Author: Brandon Green
Neptune Global, Director of Sales

When the Federal Reserve decides to slash interest rates, it sets off a domino effect in the financial world, and precious metals like gold and silver are among the first to feel the impact. Yesterday, we saw a 0.50% cut, so it’s time to revisit how these metals have historically performed… and let’s just say, they’ve put on quite the show.

The Golden (and Silver) Truth About Fed Rate Cuts

Since 2000, gold and silver have shown a knack for appreciating when the Fed cuts rates by a full half percentage point. Here’s a look at how they’ve danced to the Fed’s tune:

Gold’s Performance

  • 3 Months After a Cut: Gold struts to an average return of 3.3%.
  • 6 Months After a Cut: Gold kicks it up a notch with a solid 8.5% average return.

Silver’s Performance

  • 3 Months After a Cut: Silver steps in with a respectable 2.0% average return.
  • 6 Months After a Cut: This is where silver truly shines, posting an impressive 11.5% average return.

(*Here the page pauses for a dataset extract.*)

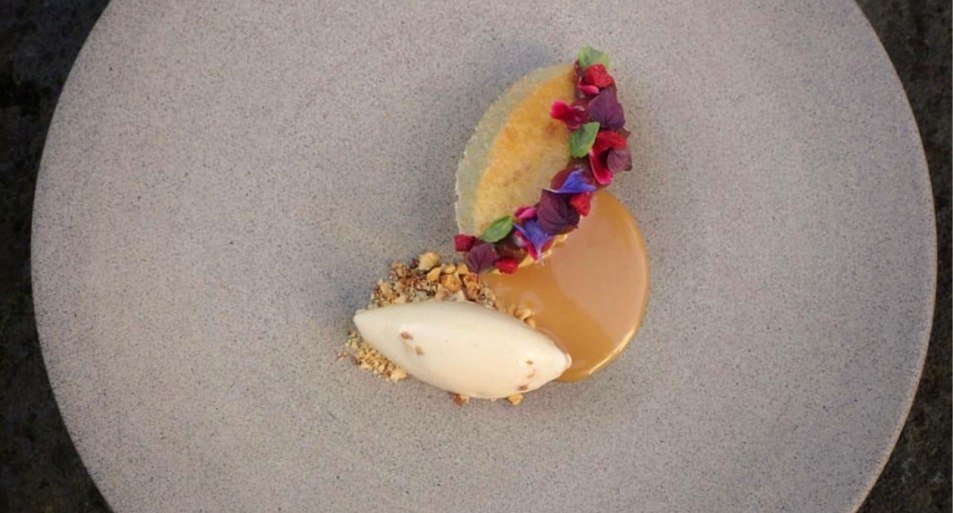 Restaurant Verbene, Dessert | &copy; Restaurant Verbene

Clearly, both metals have a tendency to sparkle post-rate cuts. While gold shows a steady and dependable uptick, silver tends to take a more dramatic leap, particularly over a six-month span.

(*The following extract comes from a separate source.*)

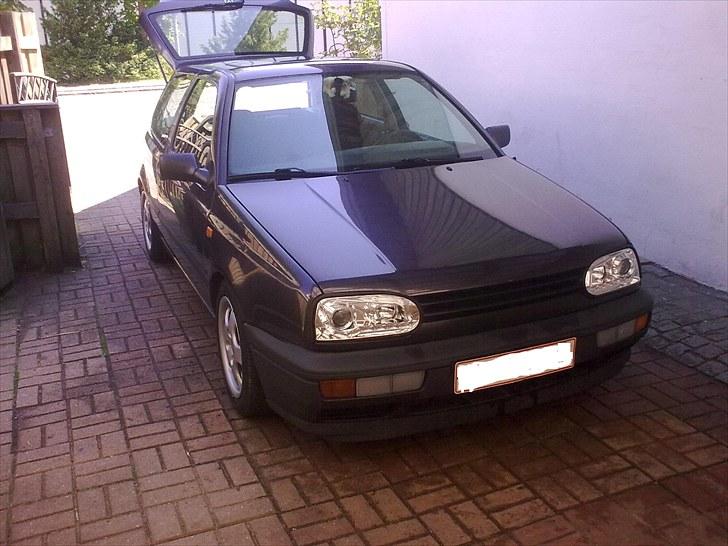 VW golf 3 (solgt ) billede 1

The Gold-Silver Ratio: Closing the Gap

Now, here’s where it gets interesting. We at Neptune Global have been talking about this all year; the infamous gold-silver ratio. At the beginning of 2023, this ratio was sitting pretty at 90:1, meaning gold was a whopping 90 times more expensive than silver. Fast forward to now, and it’s tightened to about 83:1.

Why does this matter, you ask? Well, the gold-silver ratio is like the market’s way of telling us which metal might be undervalued. Historically, the 50-year happy median is arguably 50:1, which means there’s still quite a bit of room for silver to catch up. If silver closes in on this historical median while gold stays put, we’re looking at silver jumping up to $51.70, right around its nominal high.

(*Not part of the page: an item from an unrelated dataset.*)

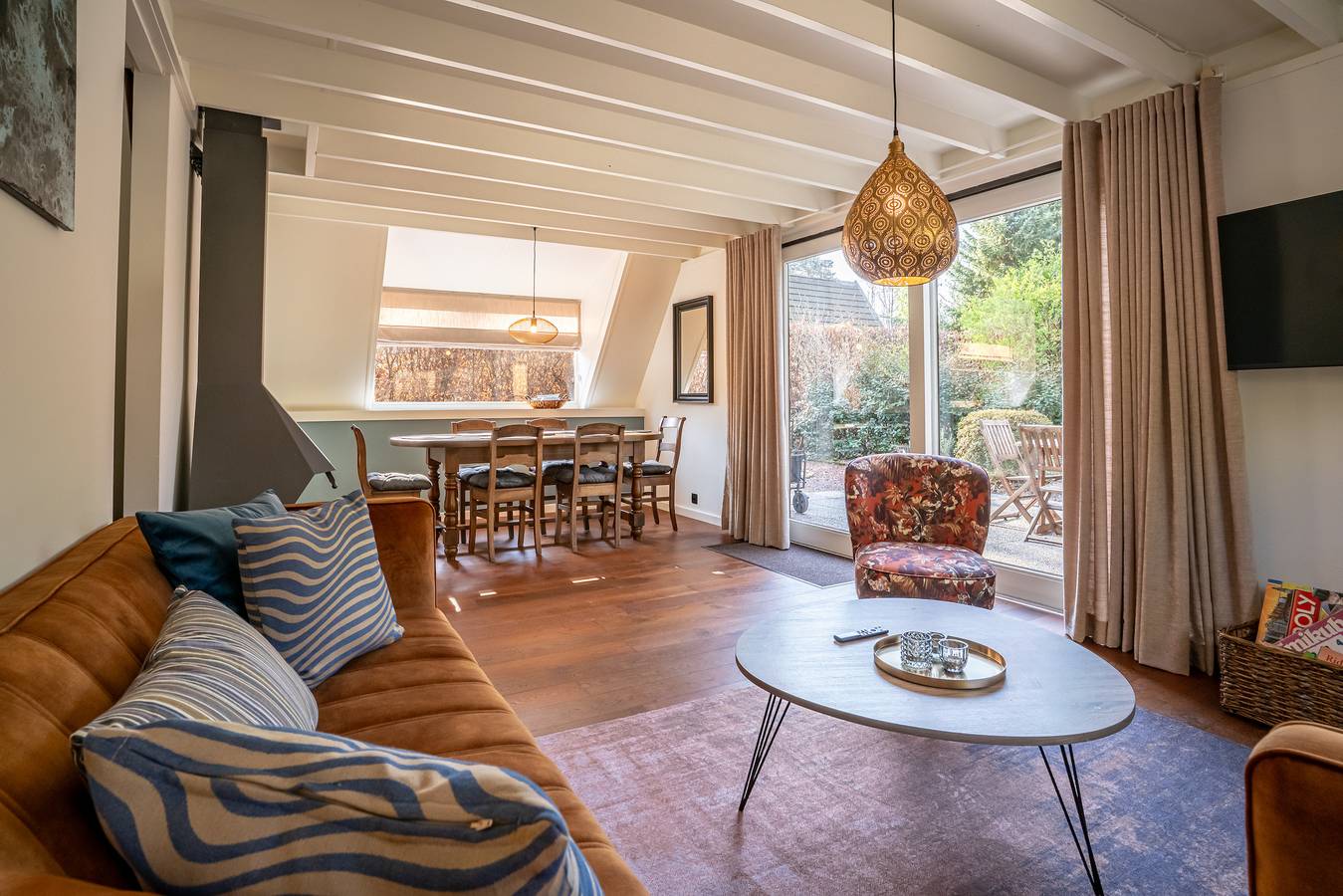 Ferienhaus für 6 Personen mit Balkon/Terrasse in Rekem, Lanaken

Gold to Silver Ratio – 50 years
macrotrends.com

And if you want to get really excited (or maybe just a little bit greedy), consider this: the inflation-adjusted high for silver right now is a jaw-dropping $145. With rising debt and money printing going into overdrive, that target is getting pushed higher every day.

Silver Price Chart – Inflation Adjusted – 50 years
macrotrends.com

Why Park Your Money in Metals?

With the Fed sending the cost of money down the slide and savings accounts offering laughably low interest rates, where does an investor turn? Historically, precious metals have been the alternative safe haven. Gold and silver don’t just sit pretty in a vault; they preserve purchasing power and, more often than not, outperform those dismal interest rates.

So, why not give your cash a golden parachute? By moving some funds into precious metals, you’re not just hedging against inflation, you’re setting yourself up for a potentially lucrative ride.

The Bottom Line

History has shown us that gold and silver tend to flourish when the Fed cuts rates, and silver, in particular, often shines brighter over the long term. With the gold-silver ratio tightening, silver seems poised for a potential breakout. For those looking to preserve and potentially grow their wealth now again in a world of shrinking interest rates, it might be time to give gold and silver a closer look. After all, these metals have a way of glimmering when the financial skies get cloudy.